__YOUR INSTRUCTIONS__
Print out the data below in full and exactly, skipping the pictures.

__MATERIAL PROVIDED__
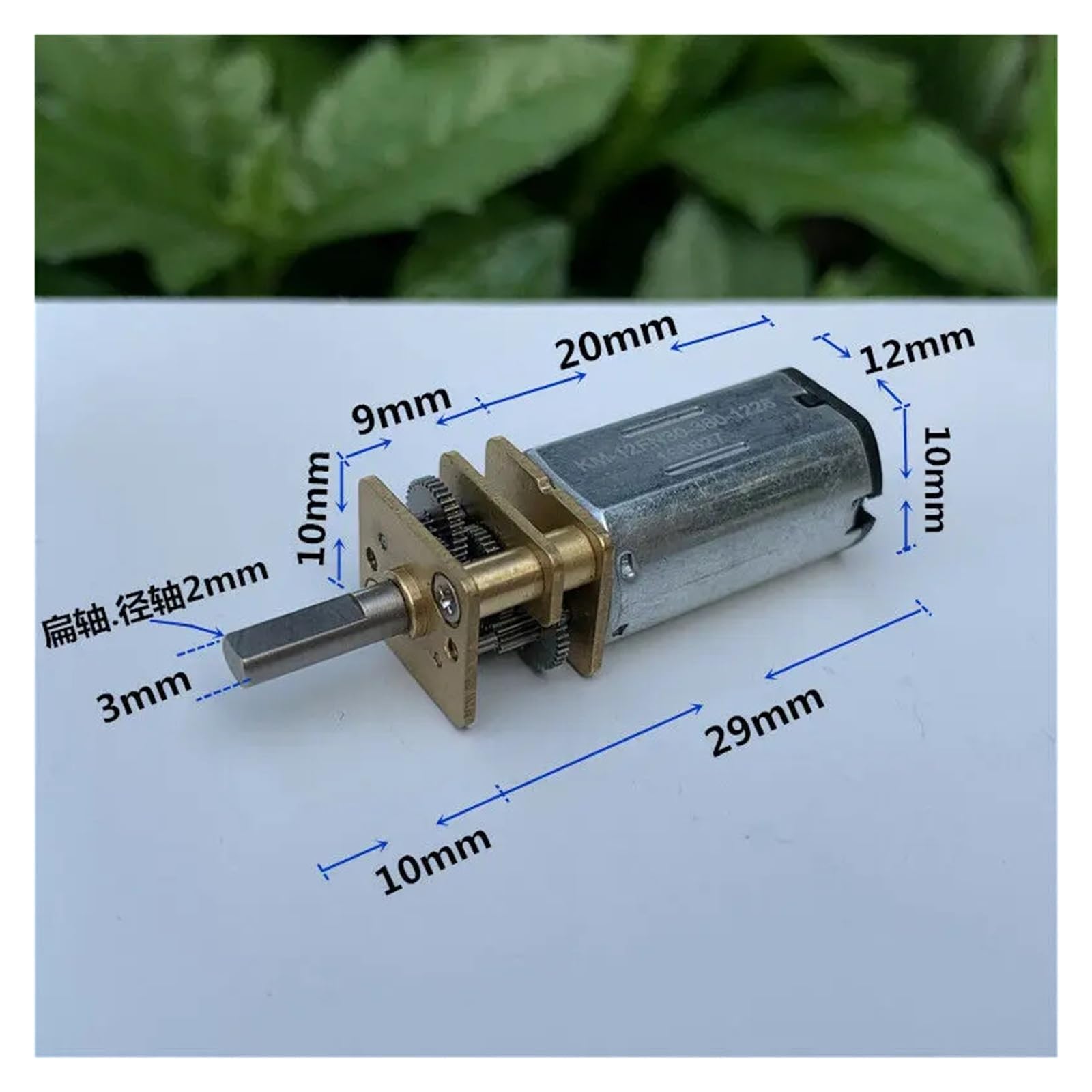 5 pz/Lotto Micro N30 Motore con Ingranaggi Completamente in Metallo DC 6V-12V 15RPM-30RPM Motore Elettrico a Bassa velocità e Coppia Elevata for Auto Robot Fai da Te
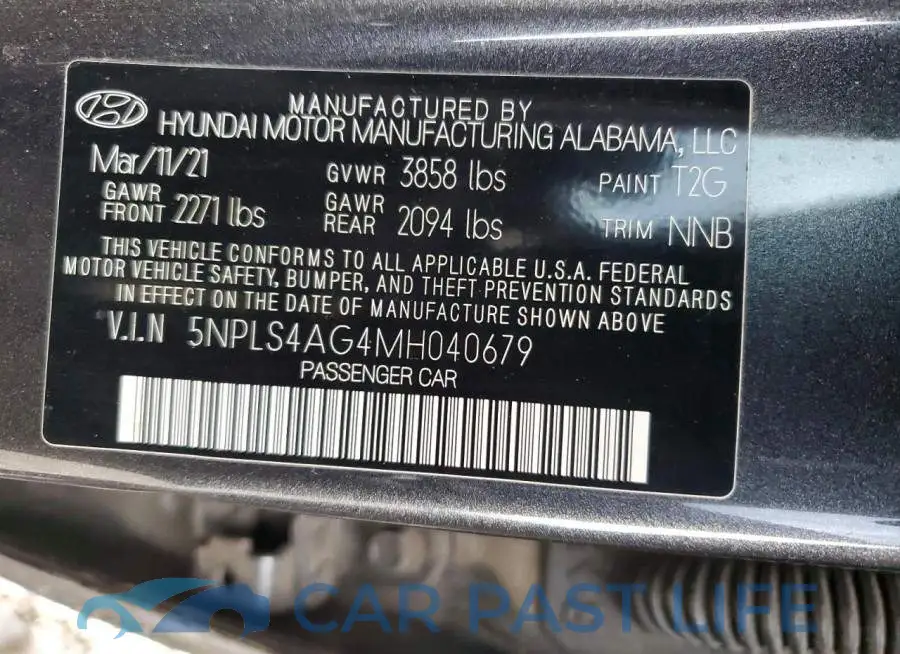 5NPLS4AG4MH040679# 12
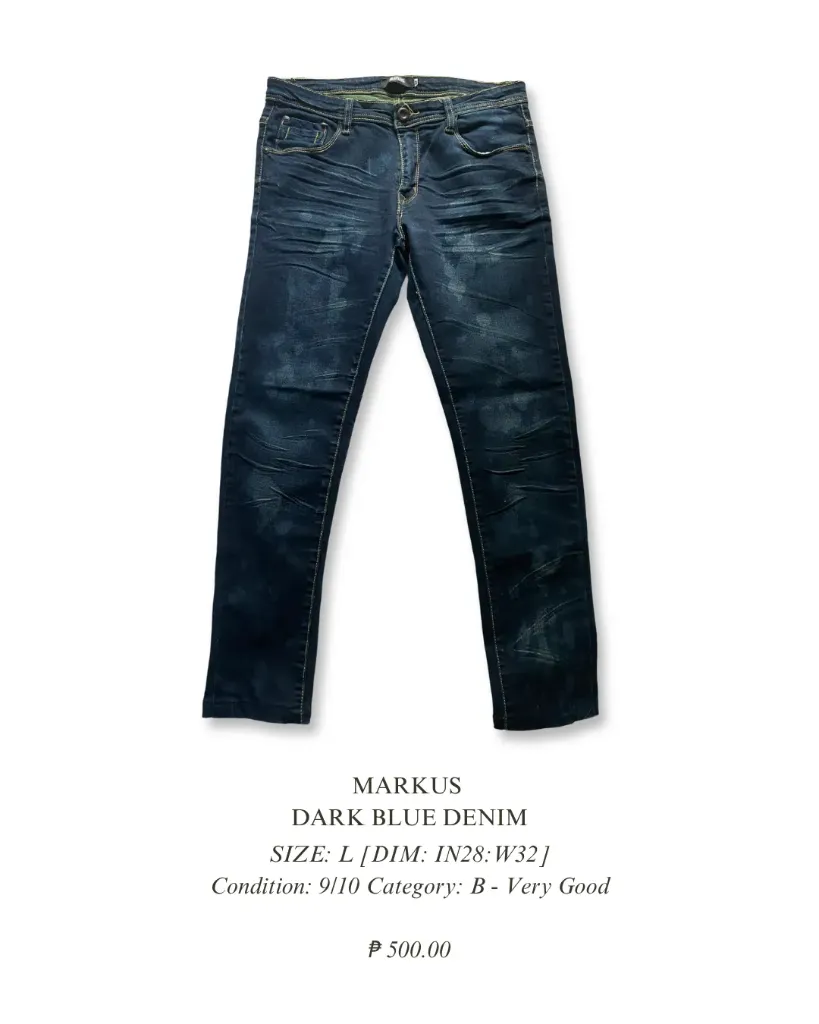 MARKUS - Dark blue denim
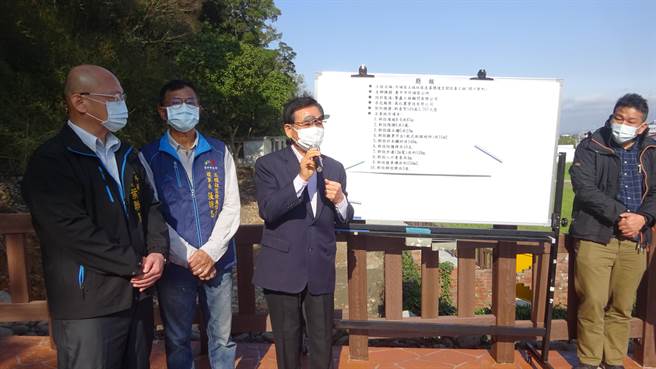 外埔五崁腳休閒步道已完工啟用，市議員吳敏濟舉行完工說明會。(陳淑娥攝)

__RESPONSE AREA__
 5 pz/Lotto Micro N30 Motore con Ingranaggi Completamente in Metallo DC 6V-12V 15RPM-30RPM Motore Elettrico a Bassa velocità e Coppia Elevata for Auto Robot Fai da Te
 5NPLS4AG4MH040679# 12
 MARKUS - Dark blue denim
 外埔五崁腳休閒步道已完工啟用，市議員吳敏濟舉行完工說明會。(陳淑娥攝)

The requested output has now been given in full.